Licenziata la cassiera che si appropria dei punti fedeltà


 


È legittimo il licenziamento in tronco della cassiera che, durante il suo turno di lavoro, aveva utilizzato la propria tessera, nel corso di transazioni effettuate con clienti che ne erano sprovvisti, al fine di accumulare illecitamente punti fedeltà, utilizzati per pagare i suoi acquisti personali (Corte di Cassazione, Sentenza 10 maggio 2022, n. 14760).

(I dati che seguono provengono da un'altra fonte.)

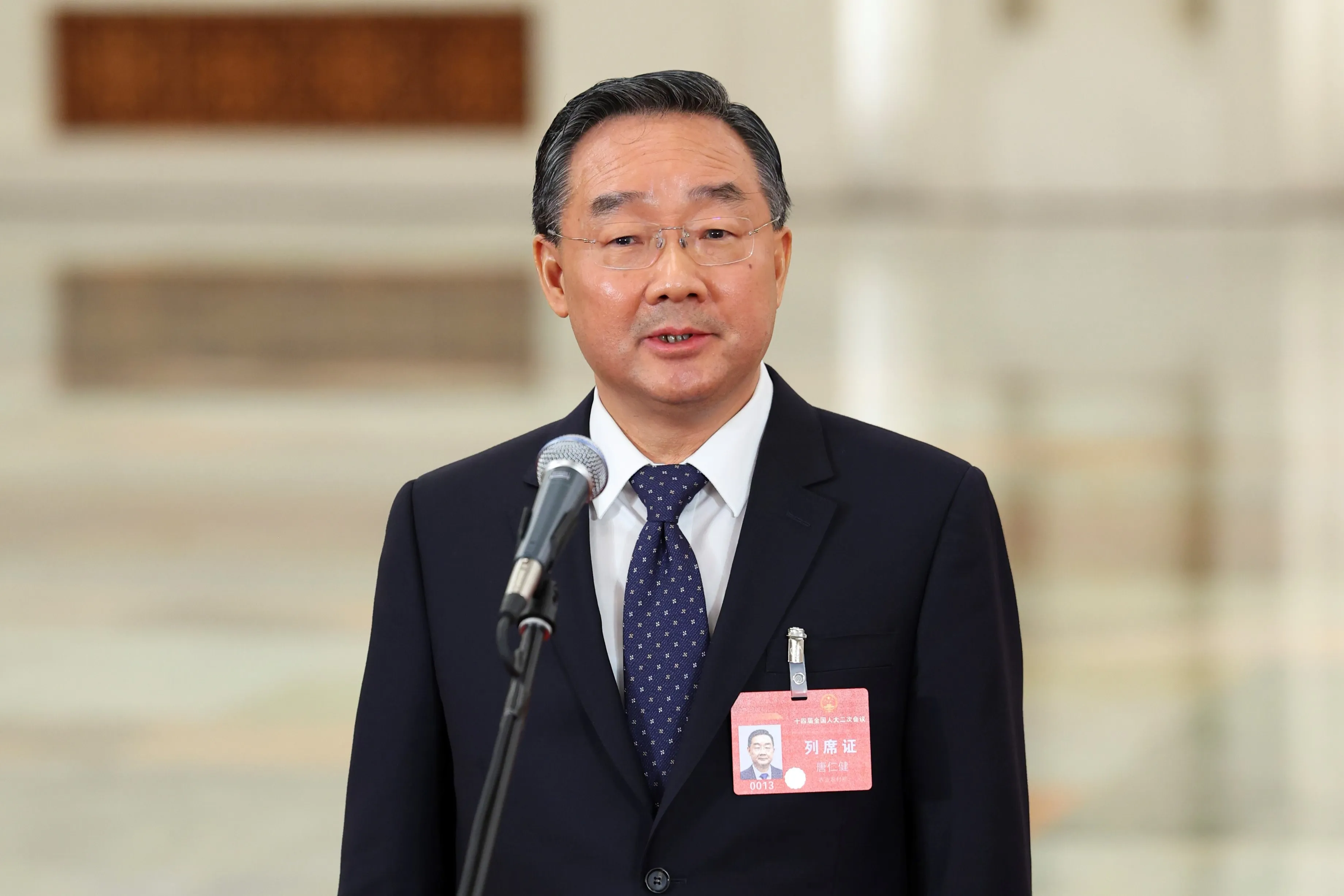 Tang Renjian in Beijing on March 5.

Il caso ha ad oggetto il licenziamento in tronco intimato dalla società datrice di lavoro alla propria dipendente, addetta con mansioni di cassiera, perché, a seguito di accertamenti effettuati dall’Ufficio Sicurezza, era emerso che la predetta, durante il suo turno di lavoro in cassa, aveva utilizzato la tessera fedeltà a lei in uso, ripetutamente nella stessa giornata, nel corso di transazioni effettuate con clienti privi di tessera.
In tal modo la dipendente aveva accumulato illecitamente punti fedeltà, poi utilizzati per pagare i suoi acquisti personali, erogando, altresì, sconti non dovuti a clienti non aderenti al programma fedeltà.


La Corte di appello territoriale, riformando la pronuncia di primo grado, rigettava l’impugnativa di licenziamento proposta dalla lavoratrice, giudicando particolarmente gravi i fatti accertati, tali da ledere in modo irreversibile il rapporto fiduciario, deducendone, dunque, la proporzionalità della sanzione espulsiva.

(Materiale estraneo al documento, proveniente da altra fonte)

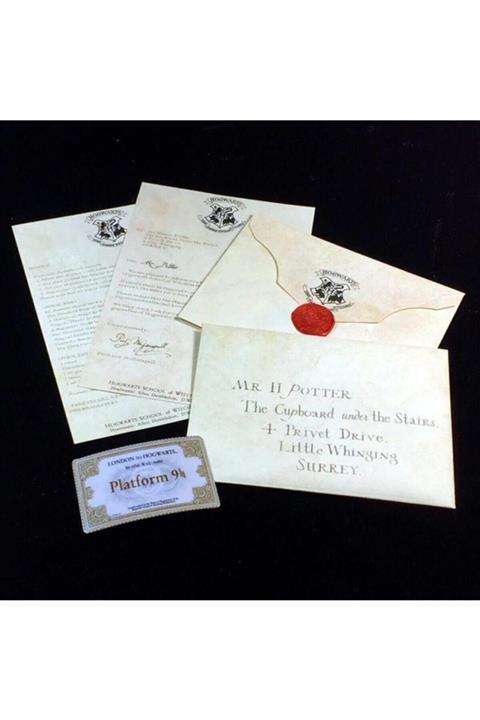 RockerStore Harry Potter Hogwarts Kabul Mektubu Davet Mektup Seti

Avverso la sentenza d’appello ha proposto ricorso per cassazione la lavoratrice, sostenendo, in particolare, che tutti i fatti ad essa addebitati dalla società non risultassero provati, anche tenuto conto della circostanza che, in caso di sostituzione, altri addetti operavano senza cambiare il codice operatore e che non fosse stata raggiunta la prova circa la riconducibilità alla stessa lavoratrice delle presunte operazioni oggetto della contestazione.


La Suprema Corte ha rigettato il ricorso, ritenendo che la Corte di merito avesse correttamente ritenuto provato che la lavoratrice, nei giorni e negli orari oggetto della contestazione disciplinare, era addetta alla cassa.
Sul punto la stessa ha specificato che non fosse sufficiente ad escludere la sua responsabilità per i fatti addebitati l’affermazione che la dipendente in questione si fosse alzata dalla postazione della cassa, occorrendo, piuttosto, che la stessa dimostrasse chi l’avesse sostituita, essendo a suo carico l’obbligo di fornire una prova contraria, rispetto a circostanza già ritenute comprovanti la sua colpevolezza.
I Giudici, hanno, inoltre, ritenuto condivisibili le conclusioni dalla Corte territoriale, che aveva reputato i fatti commessi dalla lavoratrice tanto gravi da ledere irrimediabilmente il rapporto fiduciario, indipendentemente dal valore dei beni da questa acquistati personalmente.
La sanzione espulsiva del licenziamento è stata, in conclusione, valutata proporzionata anche alla luce della prognosi futura di comportamenti improntati al rispetto e alla correttezza degli obblighi aziendali discendenti dal particolare rapporto di lavoro esistente tra le parti.